En effet, je crois pouvoir poser en principe que quand les fonctions du Gouvernement sont partagées entre plusieurs tribunaux, les moins nombreux acquièrent tôt ou tard la plus grande autorité; ne fût-ce qu’à cause de la facilité d’expédier les affaires, qui les y amene naturellement.

D’ailleurs, que de choses difficiles à réunir ne suppose pas ce Gouvernement? Premièrement un Etat très-petit où le peuple soit facile à rassembler & où chaque citoyen puisse aisément connoître tous les autres: secondement une grande simplicité de moeurs, qui prévienne la multitude d’affaires & les discussions épineuses: ensuite beaucoup d’égalité dans les rangs & dans les fortunes, sans quoi l’égalité ne sauroit subsister long-tems dans les droits & l’autorité: enfin peu ou point de luxe; car, ou le luxe est l’effet des richesses, ou il les rend nécessaires; il corrompt à la fois le riche & le pauvre, l’un par la possession, l’autre par la convoitise; il vend la patrie à la mollesse, à la vanité; il ôte à l’Etat tous ses citoyens pour les asservir les uns aux autres, & tous à l’opinion.

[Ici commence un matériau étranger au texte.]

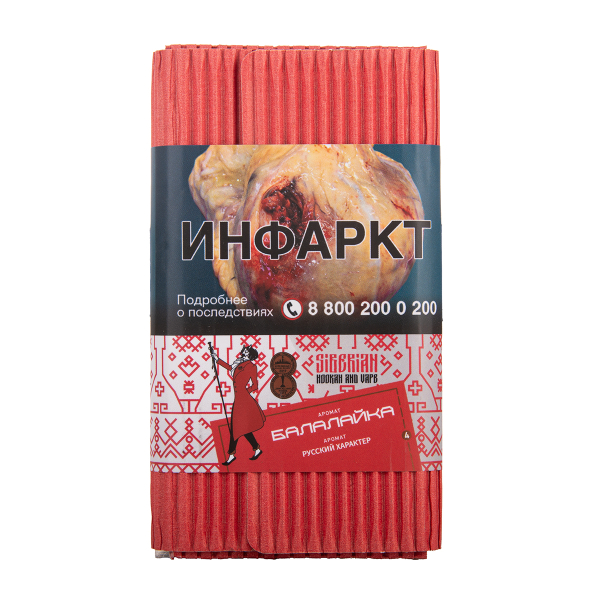 Табак Satyr Балалайка Русский Характер 25 грамм в Калининграде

Voilà pourquoi un auteur célèbre a donné la vertu pour principe à la République; car toutes ces conditions ne sauroient subsister sans la vertu: mais, faute d’avoir fait les distinctions nécessaires, ce beau génie a manqué souvent de justesse, quelquefois de clarté, & n’a pas vu que l’autorité souveraine étant par-tout la même, le même principe doit avoir lieu dans tout Etat bien constitué, plus ou moins, il est vrai, selon la forme du Gouvernement.

Ajoutons qu’il n’y a pas de Gouvernement si sujet aux guerres civiles & aux agitations intestines que le démocratique ou populaire, parce qu’il n’y en a aucun qui tende si fortement & si continuellement à changer de forme, ni qui demande plus de vigilance & de courage pour être maintenu dans la sienne. C’est sur-tout dans cette constitution que le citoyen doit s’armer de force & de constance, & dire chaque jour de sa vie au fond de son coeur ce que disoit un vertueux Palatin* [*Le palatin de Posnanie, pere du roi de Pologne, duc de Lorraine.] dans la diete de Pologne: Malo periculosam libertatem quam quietum servitium.

S’il y avoit un peuple de Dieux, il se gouverneroit démocratiquement. Un Gouvernement si parfait ne convient pas à des hommes.